We recently called out Minnesota's black artists for claiming they were out of the loop on black visual culture. Now we've got more evidence that they are right where the rubber meets the road with new ideas coming from black artists. To wit: LA artist and SMH Frequency alumnus Rodney McMillian, is one of three artists to examine the everyday made extraordinary in the Walker Art Center's Ordinary Culture, which opened recently at the Minneapolis venue.
The show was curated by Korean-born curator Doryun Chong and attempts to examine the all-encompassing concept of culture by dissecting and manipulating mundane and ordinary things, almost in the manner of field anthropologists more than gallery artists. We think this makes sense given McMillian's contribution to Frequency: a dilapidated chair, seemingly reclaimed from the garbage and displayed in the museum as a readymade.

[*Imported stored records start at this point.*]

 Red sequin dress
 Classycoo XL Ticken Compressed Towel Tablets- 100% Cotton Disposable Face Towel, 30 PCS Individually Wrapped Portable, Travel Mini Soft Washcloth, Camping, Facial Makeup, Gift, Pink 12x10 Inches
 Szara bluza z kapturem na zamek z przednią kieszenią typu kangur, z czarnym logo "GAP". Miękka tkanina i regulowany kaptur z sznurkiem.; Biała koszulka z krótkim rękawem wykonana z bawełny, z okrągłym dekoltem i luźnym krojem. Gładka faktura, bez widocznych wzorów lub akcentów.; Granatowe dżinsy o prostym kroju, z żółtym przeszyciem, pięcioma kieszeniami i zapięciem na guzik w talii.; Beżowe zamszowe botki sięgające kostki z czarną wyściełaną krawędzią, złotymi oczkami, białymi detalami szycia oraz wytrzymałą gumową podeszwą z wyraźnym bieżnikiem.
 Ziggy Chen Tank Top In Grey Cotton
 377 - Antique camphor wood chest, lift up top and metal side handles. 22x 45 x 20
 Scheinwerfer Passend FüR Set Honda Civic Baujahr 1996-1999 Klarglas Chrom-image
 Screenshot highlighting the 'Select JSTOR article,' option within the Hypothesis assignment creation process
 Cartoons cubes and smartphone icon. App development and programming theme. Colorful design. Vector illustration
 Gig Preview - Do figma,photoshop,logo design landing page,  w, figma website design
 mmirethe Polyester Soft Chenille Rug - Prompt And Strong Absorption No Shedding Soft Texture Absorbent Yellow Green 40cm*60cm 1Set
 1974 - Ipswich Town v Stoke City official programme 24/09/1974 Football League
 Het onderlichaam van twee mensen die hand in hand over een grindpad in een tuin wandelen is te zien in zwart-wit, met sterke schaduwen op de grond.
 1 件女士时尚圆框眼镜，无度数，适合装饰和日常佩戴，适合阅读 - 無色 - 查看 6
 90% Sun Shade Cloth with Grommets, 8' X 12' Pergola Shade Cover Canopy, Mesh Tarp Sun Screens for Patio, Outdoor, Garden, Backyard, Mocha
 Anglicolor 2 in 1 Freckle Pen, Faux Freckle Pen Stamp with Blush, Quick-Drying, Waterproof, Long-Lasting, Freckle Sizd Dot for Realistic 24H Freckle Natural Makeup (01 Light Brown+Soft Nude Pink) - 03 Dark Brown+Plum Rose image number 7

McMillian's Ordinary Culture contribution similarly includes a salvaged-looking piece of patterned linoleum hung on the wall as though it were a painting. A short distance from the wall, a collection of about 50 slate gray, cloth-wrapped columns stand at attention near a video of McMillan delivering Lyndon B. Johnson’s “Great Society” speech from 1964.
We see a trio of ideas that have been much in evidence in recent contemporary art in the US: the return of the readymade, the use of a collection, and the evocation of 60s-era political tactics. Other artists in the show are Minnesota's Jay Heikes and New York's Adam Helms.